П. С. С.: — Про бабушек? Сколько угодно. Есть бабушки, которым нравятся наши концерты. А есть, которые органически это не принимают, причем, в разных городах реагируют по-разному, они ругаются, плюются, но все равно слушают, их как магнитом тянет в зал. Очень интересно. А последнее время я прикалываюсь над ментами. В Павлодаре меня, например, поразил один мент. Такой, знаешь, каа-а-бан… казах. Ну, здоровый такой, лицо кру-уу-глое… настоящий такой, матерый, приземистый. Там народ бесится, дождь льет. Открытый стадион, трибуна торцевая, народу битком. Они там орут, скачут. Менты держат их стоят. А этот, полковник, держит ментов, чтоб они не дрогнули, понимаешь. И вот он крутит башкой туда-сюда, то смотрит на эту беснующуюся толпу, которая получает громадное удовольствие под дождем, он этого не может понять, почему они не уходят. Разворачивается и снова ни фига не понимает: черт, что такое? Что на сцене? Какие-то странные люди, понимаешь, чего-то делают, чего-то орут. Он не мог понять ничего. И меня это так повеселило, ужасно просто. Как же его все зацепило! Так бы он отработал, и все. А тут он участвовал в процессе, понимаешь? Он не стоял этим, посторонним. Вот это мне нравится. То есть все, кто участвуют в процессе, они мне все одинаково…
С. Л.: — Милы.
П. С. С.: — Милы, да.
С. Л.: — А какой альбом тебе ближе, как музыканту? «Энергия» или, например, «Шабаш».
П. С. С.: — Я с удовольствием слушаю «Энергию». И с удовольствием слушаю «Шабаш».
С. Л.: — То есть у тебя нет противоречия.
П. С. С.: — Нет. Я с удовольствием слушаю и то, и другое, и третье. Мне с «БлокАдой» сложнее. Но некоторые вещи из «БлокАды» я тоже слушаю.
С. Л.: — А любимый какой альбом?
П. С. С.: — Трудно сказать. Судя по всему, наверное… знаешь, как первый ребенок,— видимо, все-таки «Энергия» у меня любимый пока. Последний альбом («Для Тех, Кто Свалился С Луны» — Ред.) мне тоже очень нравится. Он классный, кайфовый.

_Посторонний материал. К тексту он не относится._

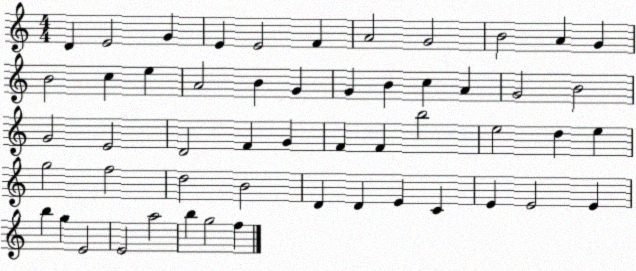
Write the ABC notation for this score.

X:1
T:Untitled
M:4/4
L:1/4
K:C
D E2 G E E2 F A2 G2 B2 A G B2 c e A2 B G G B c A G2 B2 G2 E2 D2 F G F F b2 e2 d e g2 f2 d2 B2 D D E C E E2 E b g E2 E2 a2 b g2 f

С. Л.: — А вообще какая тебе музыка нравится?
П. С. С.: — Ты знаешь, я сейчас стал всеядным, как ни странно. Мне нравится все хорошее. С великим удовольствием слушаю классику. Больше всего я ее сейчас слушаю. В классике мало дряни, потому-то она и классика. Органически не принимаю жалкие попытки наших попсарей играть хип-хоп. Просто тошнит, ей-Богу. Мода, ладно. Может быть, я опять-таки старый. Но мне это не нравится. К ним у меня такое же отношение, как в 81-м году к ВИА. По сути это одно и тоже. Что эти ВИА, что хип-хопы. Тупость и ограниченность. Это и есть массовая культура. Это я не принимаю. Все остальное принимаю, все эксперименты, любые.
С. Л.: — А из наших кого любишь?
П. С. С.: — Кого люблю? ЧАЙФ, БРИГАДУ С полюбил. По-моему, классно. Мы же с ними катаемся, слушаем. До этого редко слушал. А тут пошел, послушал, огромное удовольствие получил. Что от ЧАЙФа, что от БРИГАДЫ.

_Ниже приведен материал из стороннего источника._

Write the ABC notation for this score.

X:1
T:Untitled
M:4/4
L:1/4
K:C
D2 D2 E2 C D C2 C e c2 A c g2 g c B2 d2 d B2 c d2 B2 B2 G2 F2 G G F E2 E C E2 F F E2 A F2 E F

Металлисты мне тоже нравятся, металлисты по-кайфу. КОРРОЗИЯ, например. Они чего-то там бабахают, жутко совершенно. Ну полный идиотизм…
С. Л.: — Какой ты, Петька, разносторонний все-таки.
П. С. С.: — Не, я очень люблю это дело. Металлистов я обожаю. Единственно обломно для меня там, что я не успеваю ухом. Но я и не металлист.
С. Л.: — А скажи мне, что с передачей вашей, на СНС?
П. С. С.: — Ничего не знаю. По-моему, она на каникулах. Понятия не имею, что сейчас происходит с этой передачей. Хотелось бы, чтоб она продолжалась на самом деле. Кайфовый эксперимент.
С. Л.: — Петь, а что ты читаешь, какие книги больше всего любишь?
П. С. С.: — Детективы обожаю. У меня был период, я целый год читал одни детективы. Сидел и читал, все подряд. Фантастику я любил всегда. И до сих пор, если хорошая фантастика, я ее читаю. Приключенческий жанр меня очень волнует на самом деле. Но в последнее время не могу достать хорошей книжки, да и времени нет. А еще я сейчас люблю всякие строительные книжки читать, хобби у меня теперь появилось — стройка.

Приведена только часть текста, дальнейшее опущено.